YAF, whose roots trace back to conservative movement icons such as William F. Buckley Jr., was formed in the 1960s and now has roughly 200 chapters in colleges and high schools across the country.
This year’s conference and other activities, including Foundation for Economic Education President Larry Reed’s speech Wednesday to Capitol Hill interns, indeed come amid a reemergence of progressivism and political correctness on campuses.
“After political correctness burst onto the scene in the late ‘80s and early ‘90s, it went into long remission. Now it has returned,” wrote Johnatan Chait in his 4,712-word essay “Not a Very P.C. Thing to Say" in the Jan. 27 issue of New York magazine.
Among the most controversial elements of the trend are the trigger warnings and safe zones.
Trigger warnings are notices that an event or a piece of writing -- including literary classics -- could trigger a traumatic memory or episode.
Student governments in schools such as Oberlin College and the University of California, Santa Barbara have asked that such warnings be included on syllabi and other class material.
And such books as F. Scott Fitzgerald’s “The Great Gatsby” and Shakespeare’s “The Merchant of Venice” reportedly have been targeted.
The safe zones or safe places are areas to which students can retreat during a debate on, for example, sexual contact on campus or other sensitive topics.

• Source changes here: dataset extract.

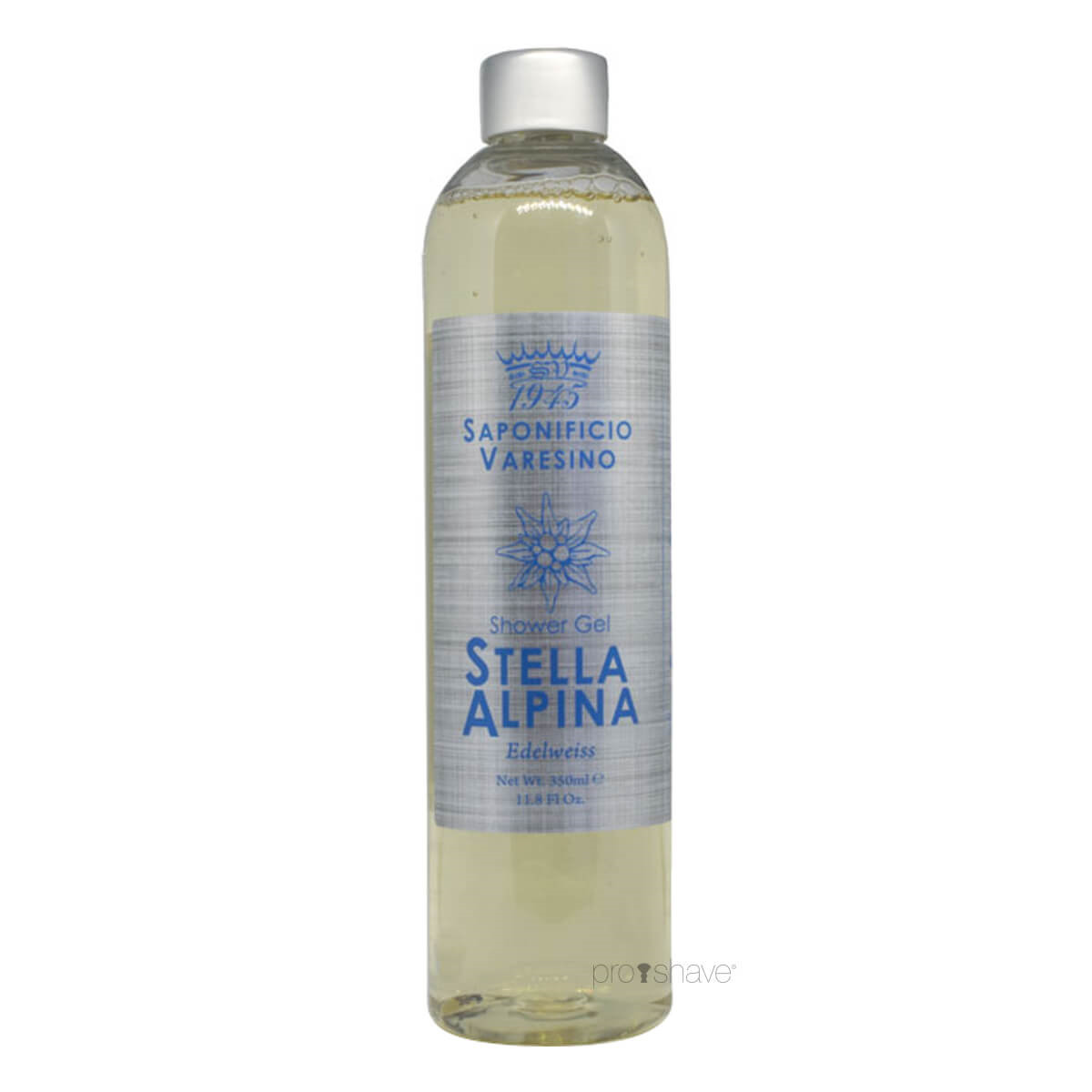 Se Saponificio Varesino Shower Gel, Stella Alpina, 350 ml. hos Proshave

“It’s a really sad trend -- students isolating themselves from opposing viewpoints,” Jashinsky said.
Reed, who co-authored and edited “Excuse Me Professor,” a collection of essays he wrote in past years, urged the roughly two dozen Capitol Hill interns to “be thoughtful in your thinking.”
He went through the key progressive arguments that his book attempts to dispel including “Profit is evidence of suspicious behavior” and “Income inequality arises from market forces and requires government intervention.”
Reed attempted to use easy, relatable examples such as people tending to spend money given to them more freely than money that they have earned. He argued an employee on a business trip might not order lobster for dinner if he or she is paying for it.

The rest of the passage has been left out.